- Definition in Road Network

Typically, a road network is modeled as a directed graph, which contains intersections or points of location as nodes as well as road segments as edges. What is more, both nodes and edges consist of not only the geospatial information such as the coordinates, but also the information of road network structure, road installations and road characteristics like traffic signals, number of lanes, and road types. This information could be useful for predicting the accident proneness of a location.

- Deep Learning and Feature Extraction

Extracting useful or effective latent features is difficult and complicated for machine learning. Feature engineering often requires a lot of time but is not effective in finding the hidden features. Deep learning can extract the latent features from simple features to form more abstract high-level representations to find the distribution of data-style feature expression by combining low-level features (Alex Krizhevsky et al., 2017).

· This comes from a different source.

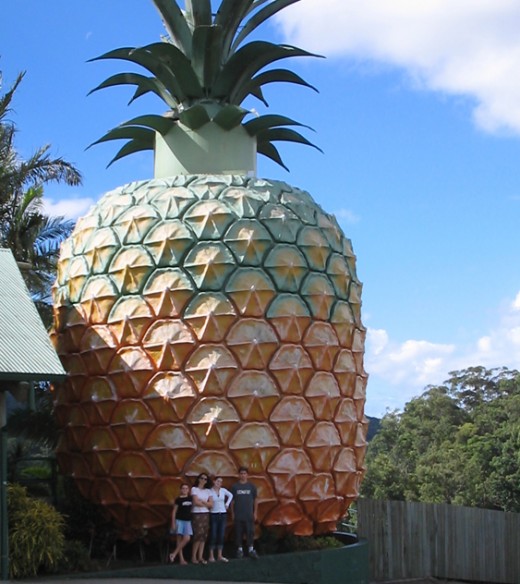 Now this is a Pineapple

- Graph Embedding for extracting the structural information from a graph or network

As stated in point 1, a road network is commonly modeled as a directed graph including a set of nodes and edges, and a directed road segment or an edge is allowed to travel from a start node to end node generally. Such graph representations make graph embedding methods such that it could be extracting structural information or features from road networks. In graph embedding, it is supposed to build a model to learn the representations which embed nodes in networks into a d-dimensional vector space in a way that the nearby nodes of the self node in the network are mapped to feature vectors encoding the structural information of the graph (Tobias Skovgaard Jepsen et al., 2018). Simply put, graph or network embedding can extract the structural information in networks and form a representation of the self node.

- Node2vec for learning intrinsic properties of a road network structure of a node

Node2vec, which is a deep learning or graph embedding technique, is used in this project. It learns useful latent feature vectors or embeddings of the road network structure as inputs to machine learning or data mining algorithms. In addition, node2vec aims to learn node embeddings but attach importance to the issue of sampling the network neighborhood relationship by applying parameterized random walk instead of uniform random walk. The two parameters are parameter p in and out parameter q, controlling the walking process by the probability of returning back to the previous node, or selecting the next node away from the previous node in order to simulate Breadth-First Search and Depth-First Search respectively (Aditya Grover & Jure Leskovec, 2016). In other words, the trained node2vec model can generate a node embedding, which represents the node capturing intrinsic properties of road network structure, that is the probabilities of reaching the corresponding nodes in random walks of the self node. At the end, by checking the structure similarity or the probabilities between self node and other nodes, node2vec can do clustering so that the similar nodes will be grouped together as one group. Node2vec can learn a node embedding, but an edge can be embedded by aggregating the embeddings of the start node and end node of the edge. By concatenating the embeddings of its start node and end node, that edge embedding could be represented as a road segment in the network. (Tobias Skovgaard Jepsen et al., 2018)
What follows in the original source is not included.